Description
This would be an alternative to the Listener class in logger/listener/listener.py. The current listener implements a parallel-reader, serial-transform, parallel-writer processing model that is inefficient in terms of not allowing computed values to be used in different processing streams. A pure dataflow model would consist of a set of nodes, each of which defined an input queue, a function (whether it be reader/transform/writer/whatever) and a list of nodes into whose queues it should place its result.
In addition to a stand-alone dataflow runner to parallel listen.py, we would enhance the config file syntax so that run_logger.py could recognize, parse and execute dataflow configs as well as the existing listener configs.
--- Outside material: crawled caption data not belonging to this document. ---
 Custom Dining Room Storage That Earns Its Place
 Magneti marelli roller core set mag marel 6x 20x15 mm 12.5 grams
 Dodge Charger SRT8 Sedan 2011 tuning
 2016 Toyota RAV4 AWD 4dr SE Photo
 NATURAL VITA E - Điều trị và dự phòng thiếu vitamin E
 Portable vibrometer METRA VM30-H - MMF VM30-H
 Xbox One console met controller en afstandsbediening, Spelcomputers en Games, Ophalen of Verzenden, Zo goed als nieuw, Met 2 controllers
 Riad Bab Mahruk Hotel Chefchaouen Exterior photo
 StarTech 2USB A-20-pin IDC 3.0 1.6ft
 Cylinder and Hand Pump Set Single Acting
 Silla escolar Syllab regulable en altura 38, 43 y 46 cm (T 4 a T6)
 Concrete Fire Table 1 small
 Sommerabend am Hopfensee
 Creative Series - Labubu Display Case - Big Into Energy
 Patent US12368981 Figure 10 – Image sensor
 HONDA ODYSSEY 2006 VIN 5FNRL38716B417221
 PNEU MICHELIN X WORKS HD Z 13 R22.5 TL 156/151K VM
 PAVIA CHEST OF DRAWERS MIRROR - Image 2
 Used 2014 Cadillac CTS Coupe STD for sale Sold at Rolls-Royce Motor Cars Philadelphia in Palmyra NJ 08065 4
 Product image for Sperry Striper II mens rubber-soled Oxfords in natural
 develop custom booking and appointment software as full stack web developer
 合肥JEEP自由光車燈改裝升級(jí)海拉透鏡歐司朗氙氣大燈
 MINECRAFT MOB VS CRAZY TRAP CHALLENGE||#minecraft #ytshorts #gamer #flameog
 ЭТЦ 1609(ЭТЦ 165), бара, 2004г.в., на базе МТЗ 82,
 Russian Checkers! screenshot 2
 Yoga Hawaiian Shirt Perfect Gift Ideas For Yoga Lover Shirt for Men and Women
Depending on design (or invocation), the processing of dataflow each node could be a separate thread, or even process (because the multiprocessing module supports interprocess Queues) with an abstract wrapper that looked something like what's below:
# An very-initial first sketch of dataflow
class DataflowNode:
def __init__(self,
name='', # convenient display name
component=None, # the reader/transform/writer itself
method=None, # the method we call to process input
use_input_queue=False, # does method take input from queue?
extra_args=None, # additional args the method might need
threadsafe=False, # is the method threadsafe?
max_queue_size=0): # how big to let input queue get
pass
def successors(self):
pass
def add_successor(self, node):
pass
def push_queue(self, record):
"""Externally-visible method to add a record to this node's input queue."""
pass
def run(self):
"""Start the dataflow loop."""
pass
def quit(self):
"""Shut down nicely."""
pass
############################
def _generate(self):
"""Get next record from queue (if necessary) and do whatever we need
to generate our next output record."""
pass
def _pop_queue(self):
"""Internal method to get the next record from our input queue."""
pass
def _push_to_successors(self, record):
pass